Image-caption web data:
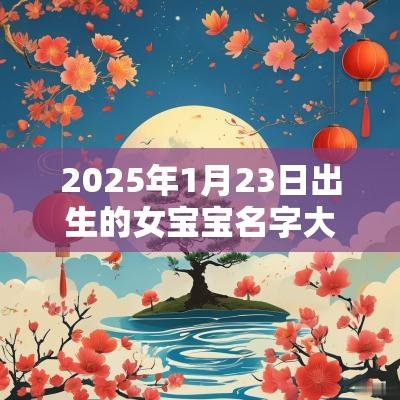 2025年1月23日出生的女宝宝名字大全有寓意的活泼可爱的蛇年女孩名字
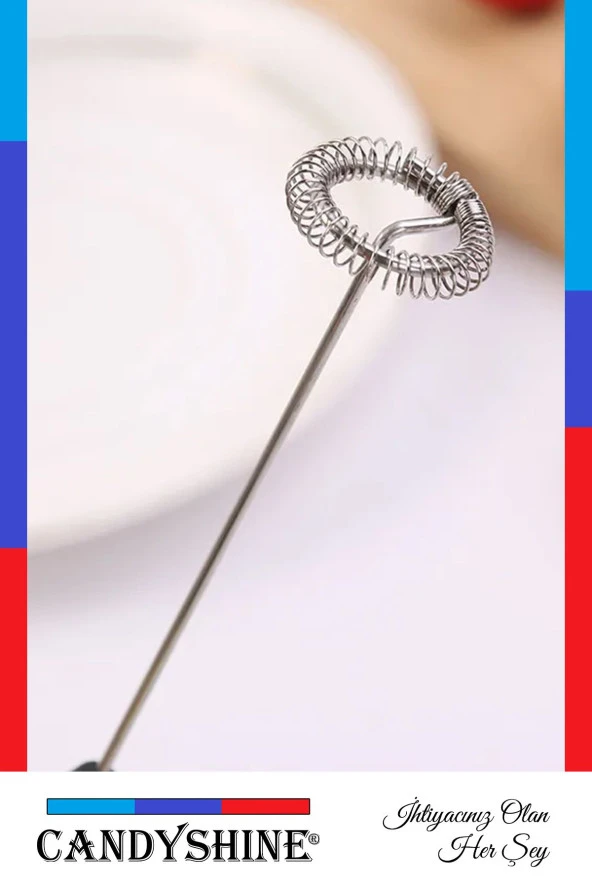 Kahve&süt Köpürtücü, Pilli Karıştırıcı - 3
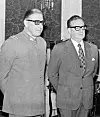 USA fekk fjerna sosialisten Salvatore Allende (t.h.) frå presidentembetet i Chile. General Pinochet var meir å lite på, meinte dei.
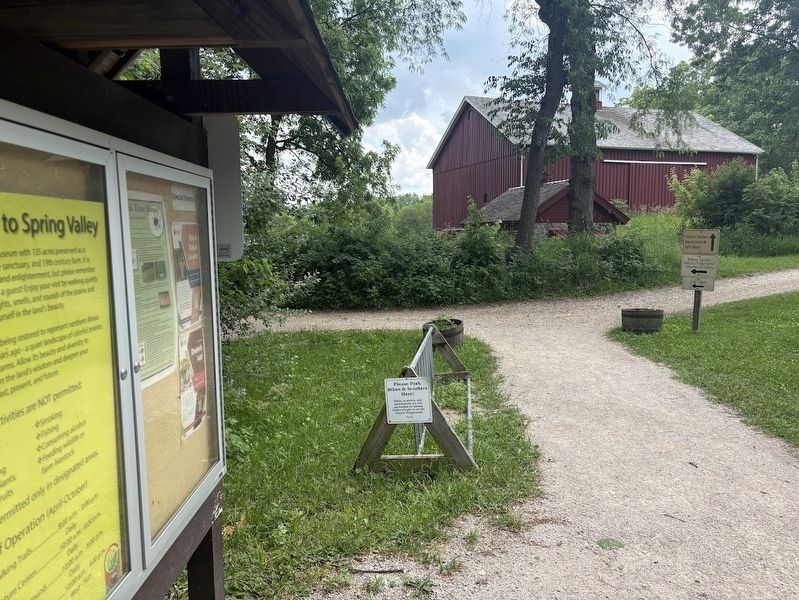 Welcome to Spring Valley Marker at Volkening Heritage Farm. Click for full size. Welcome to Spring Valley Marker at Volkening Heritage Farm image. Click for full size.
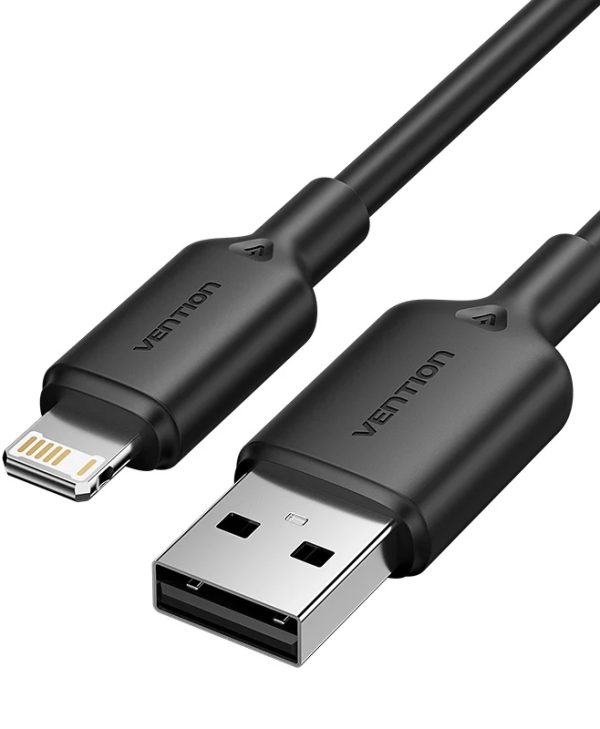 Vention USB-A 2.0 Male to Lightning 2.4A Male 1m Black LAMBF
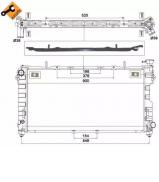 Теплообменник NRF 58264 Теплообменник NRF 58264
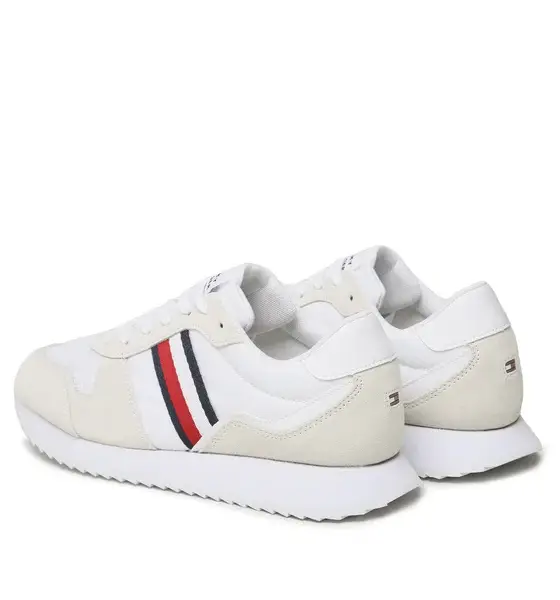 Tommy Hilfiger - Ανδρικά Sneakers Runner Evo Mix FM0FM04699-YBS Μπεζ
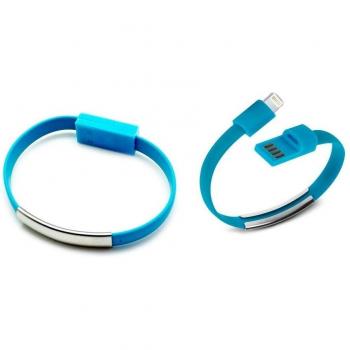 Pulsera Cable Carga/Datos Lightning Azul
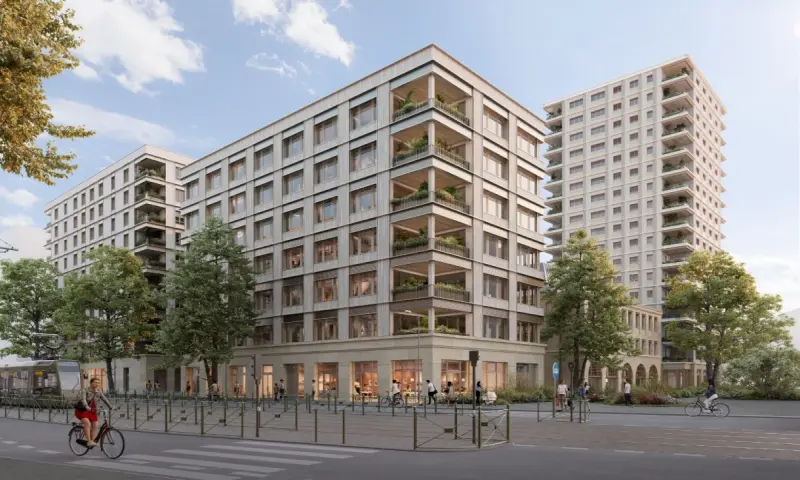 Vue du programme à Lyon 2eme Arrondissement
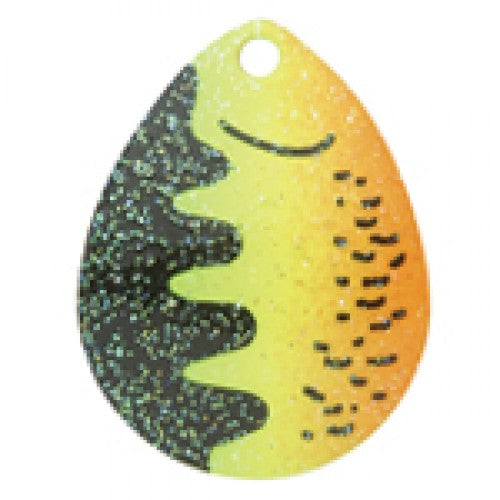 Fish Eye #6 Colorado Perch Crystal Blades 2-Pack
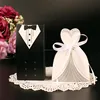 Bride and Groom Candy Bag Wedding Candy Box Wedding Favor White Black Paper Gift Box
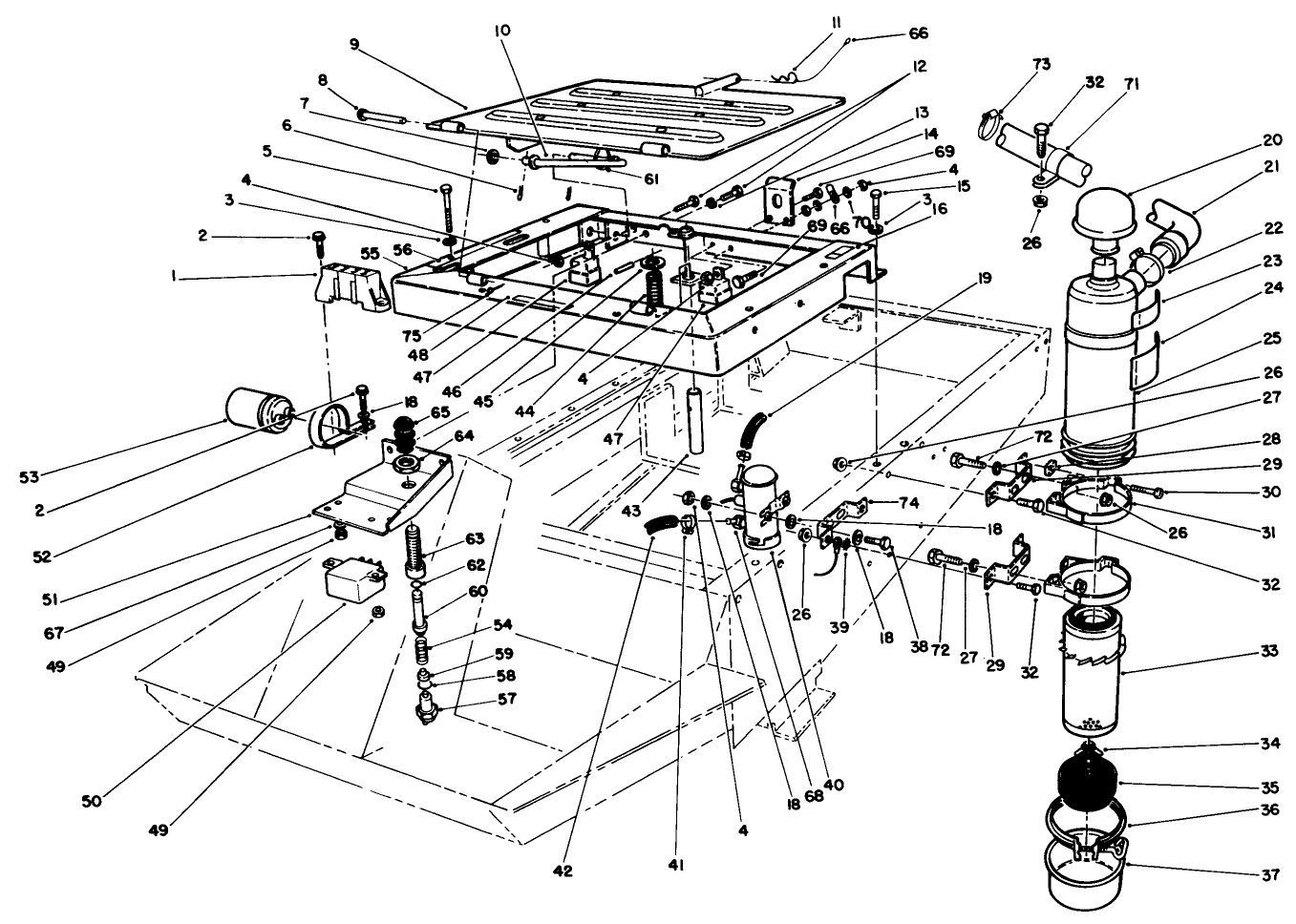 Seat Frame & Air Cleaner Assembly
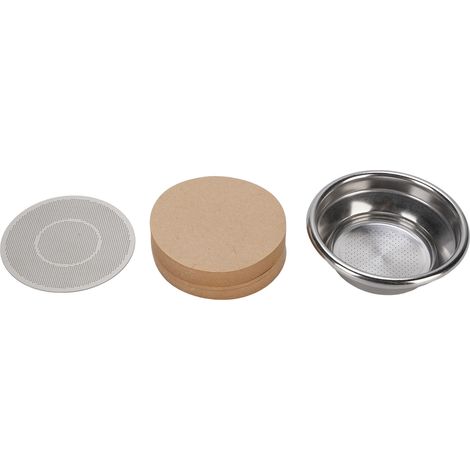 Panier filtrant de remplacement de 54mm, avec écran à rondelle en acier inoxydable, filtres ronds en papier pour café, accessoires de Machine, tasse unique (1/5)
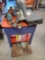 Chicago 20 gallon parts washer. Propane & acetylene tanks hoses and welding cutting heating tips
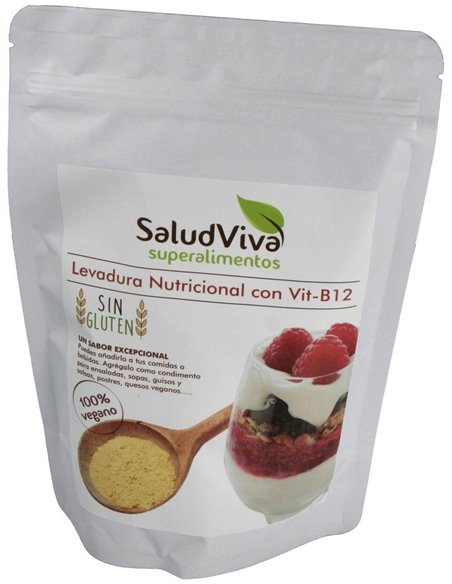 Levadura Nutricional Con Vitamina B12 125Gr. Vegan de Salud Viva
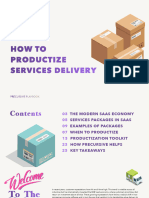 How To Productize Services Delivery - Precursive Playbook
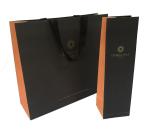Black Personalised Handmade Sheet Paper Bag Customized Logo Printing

WHAT YOU NEED TO DO:
Please print the lines above word for word, starting at the one with "Kahve&süt Köpürtücü, Pilli Karıştırıcı - 3" and ending at the one with "Pulsera Cable Carga/Datos Lightning Azul", both included, and without any picture.

THE ANSWER:
 Kahve&süt Köpürtücü, Pilli Karıştırıcı - 3
 USA fekk fjerna sosialisten Salvatore Allende (t.h.) frå presidentembetet i Chile. General Pinochet var meir å lite på, meinte dei.
 Welcome to Spring Valley Marker at Volkening Heritage Farm. Click for full size. Welcome to Spring Valley Marker at Volkening Heritage Farm image. Click for full size.
 Vention USB-A 2.0 Male to Lightning 2.4A Male 1m Black LAMBF
 Теплообменник NRF 58264 Теплообменник NRF 58264
 Tommy Hilfiger - Ανδρικά Sneakers Runner Evo Mix FM0FM04699-YBS Μπεζ
 Pulsera Cable Carga/Datos Lightning Azul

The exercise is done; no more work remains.